Italian passenger aircraft in the mid-1930s

The CANT Z.1010 was a single engine, five seat Italian passenger aircraft flown in the mid-1930s. Only one was built.

==Design and development==
The Z.1010 was a wooden monoplane with a high wing of elliptical plan and a high aspect ratio of 9.0. On each side a pair of V-form lift struts ran from the lower fuselage to the two wing spars, assisted by jury struts. There were flaps inboard of short span ailerons. The tail surfaces were conventional and curved in profile, with a rudder that ran down to the base of the fuselage between split elevators. The control surfaces were unbalanced and the fin and tailplane externally braced together.
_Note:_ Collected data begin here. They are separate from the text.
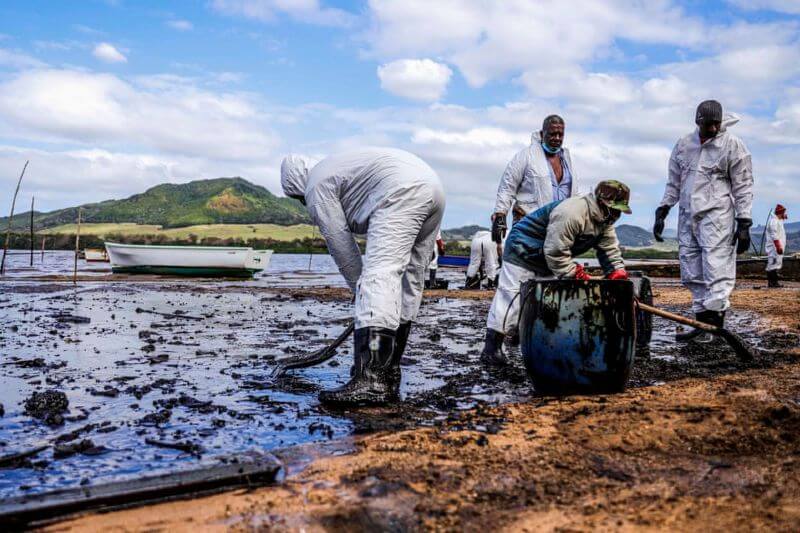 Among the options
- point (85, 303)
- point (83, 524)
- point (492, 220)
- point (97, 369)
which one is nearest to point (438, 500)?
point (83, 524)

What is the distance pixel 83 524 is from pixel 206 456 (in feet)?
2.74

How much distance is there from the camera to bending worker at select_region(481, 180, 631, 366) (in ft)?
15.1

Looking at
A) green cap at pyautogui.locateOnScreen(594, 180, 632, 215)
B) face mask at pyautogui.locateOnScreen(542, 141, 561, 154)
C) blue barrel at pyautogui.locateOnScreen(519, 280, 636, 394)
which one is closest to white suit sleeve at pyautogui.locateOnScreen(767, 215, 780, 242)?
face mask at pyautogui.locateOnScreen(542, 141, 561, 154)

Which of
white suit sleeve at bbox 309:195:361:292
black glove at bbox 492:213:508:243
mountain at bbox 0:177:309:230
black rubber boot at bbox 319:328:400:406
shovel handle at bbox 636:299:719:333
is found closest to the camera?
black rubber boot at bbox 319:328:400:406

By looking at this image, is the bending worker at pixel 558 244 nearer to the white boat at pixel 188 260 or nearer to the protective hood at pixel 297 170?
the protective hood at pixel 297 170

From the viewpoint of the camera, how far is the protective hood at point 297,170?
15.2 ft

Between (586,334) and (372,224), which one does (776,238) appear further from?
(372,224)

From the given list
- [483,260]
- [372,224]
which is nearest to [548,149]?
[372,224]

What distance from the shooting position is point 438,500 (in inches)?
91.4

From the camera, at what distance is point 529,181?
641 cm

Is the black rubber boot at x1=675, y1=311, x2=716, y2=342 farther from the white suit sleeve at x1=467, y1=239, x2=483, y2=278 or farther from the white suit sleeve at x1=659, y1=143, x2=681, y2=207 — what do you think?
the white suit sleeve at x1=467, y1=239, x2=483, y2=278

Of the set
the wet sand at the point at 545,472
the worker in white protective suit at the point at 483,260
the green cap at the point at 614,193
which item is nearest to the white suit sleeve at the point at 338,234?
the wet sand at the point at 545,472

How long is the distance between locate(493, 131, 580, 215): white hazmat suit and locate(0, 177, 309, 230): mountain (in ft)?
389

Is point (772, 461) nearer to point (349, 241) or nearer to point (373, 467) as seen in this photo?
point (373, 467) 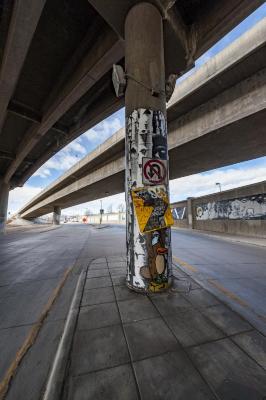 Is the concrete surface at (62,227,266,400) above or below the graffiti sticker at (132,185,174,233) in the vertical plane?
below

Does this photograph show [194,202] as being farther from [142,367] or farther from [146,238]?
[142,367]

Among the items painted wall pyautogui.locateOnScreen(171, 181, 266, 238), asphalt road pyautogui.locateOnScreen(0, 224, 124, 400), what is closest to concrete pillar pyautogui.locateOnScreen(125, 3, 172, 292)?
asphalt road pyautogui.locateOnScreen(0, 224, 124, 400)

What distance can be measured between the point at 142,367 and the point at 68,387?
2.28 feet

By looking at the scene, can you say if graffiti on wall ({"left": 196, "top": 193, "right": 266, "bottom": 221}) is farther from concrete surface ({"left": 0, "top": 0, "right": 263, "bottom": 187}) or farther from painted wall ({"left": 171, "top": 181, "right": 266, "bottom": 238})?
concrete surface ({"left": 0, "top": 0, "right": 263, "bottom": 187})

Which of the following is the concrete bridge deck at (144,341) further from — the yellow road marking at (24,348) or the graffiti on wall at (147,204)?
the graffiti on wall at (147,204)

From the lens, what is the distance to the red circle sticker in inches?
143

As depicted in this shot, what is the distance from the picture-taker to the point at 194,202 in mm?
22328

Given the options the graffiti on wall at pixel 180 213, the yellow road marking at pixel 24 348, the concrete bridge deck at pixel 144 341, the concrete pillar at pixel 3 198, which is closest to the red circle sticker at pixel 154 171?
the concrete bridge deck at pixel 144 341

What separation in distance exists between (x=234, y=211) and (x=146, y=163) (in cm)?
1501

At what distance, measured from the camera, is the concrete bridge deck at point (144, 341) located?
5.43 ft

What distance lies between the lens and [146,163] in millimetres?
3656

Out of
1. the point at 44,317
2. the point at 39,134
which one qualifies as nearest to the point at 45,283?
the point at 44,317

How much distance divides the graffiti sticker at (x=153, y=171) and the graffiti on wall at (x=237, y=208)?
41.9 feet

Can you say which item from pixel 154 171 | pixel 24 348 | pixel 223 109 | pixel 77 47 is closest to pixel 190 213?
pixel 223 109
The aircraft was powered by a version of the de Havilland Gipsy Major 4-cylinder inverted inline engine, licence built by Alfa Romeo, which produced 90 kW (120 hp) and drove a two blade propeller. Aft of the pilot's side windows, two further rectangular windows on each side lit the passenger cabin, the forward one on the port side incorporated into a cabin access door. The Z.1010 had a fixed, conventional undercarriage with enclosed, faired mainwheels on faired half axles mounted on the lower fuselage. Tall, faired shock absorbing legs ran from wheels to wing roots.

The Z.1010 had been built for the Littorio Air Rally, starting on 24 August 1935, which it attended shortly after its first flight on 14 August, piloted by Mario Stoppani. The Z.1010 attracted no orders despite attending several rallies; it was seriously damaged in 1936 during practice for the Saharan Circuit competition and was not rebuilt.